#### ACTIVITY
Omitting all pictures, print the lines of the listing from the one containing "Продается 3-комнатная квартира" through the final line, both ends included, with no other text.

#### GIVEN RECORDS
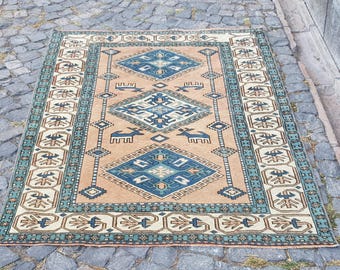 Handmade Persian Area Rug - 5.8 x 4.3 ft, Organic Wool Kilim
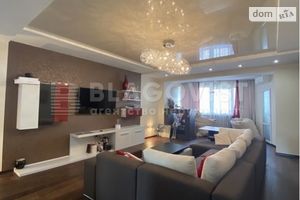 Продается 3-комнатная квартира 125 кв. м в Киеве
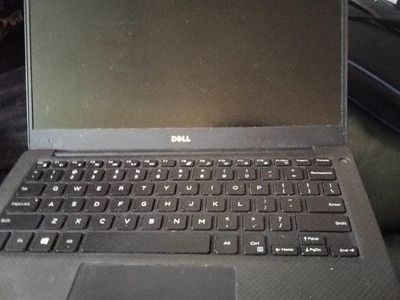 Dell XPS 13 Rose Gold Laptop (1TB SSD / 8GB RAM /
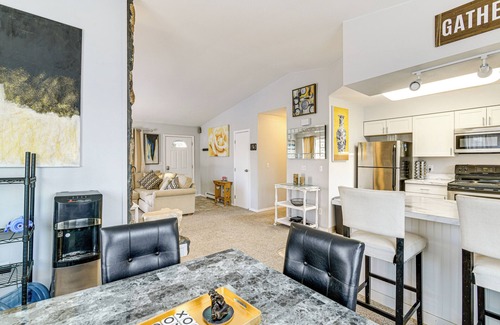 Spenard Apartment | 3 Mi to Dtwn: Apt w/Shared Sauna in Anchorage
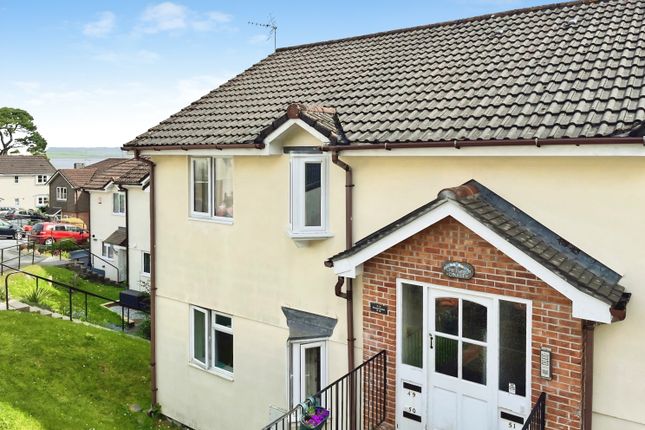 2 bed property, in Biscombe Gardens, £125,000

#### SOLUTION TO THE PROBLEM
 Продается 3-комнатная квартира 125 кв. м в Киеве
 Dell XPS 13 Rose Gold Laptop (1TB SSD / 8GB RAM /
 Spenard Apartment | 3 Mi to Dtwn: Apt w/Shared Sauna in Anchorage
 2 bed property, in Biscombe Gardens, £125,000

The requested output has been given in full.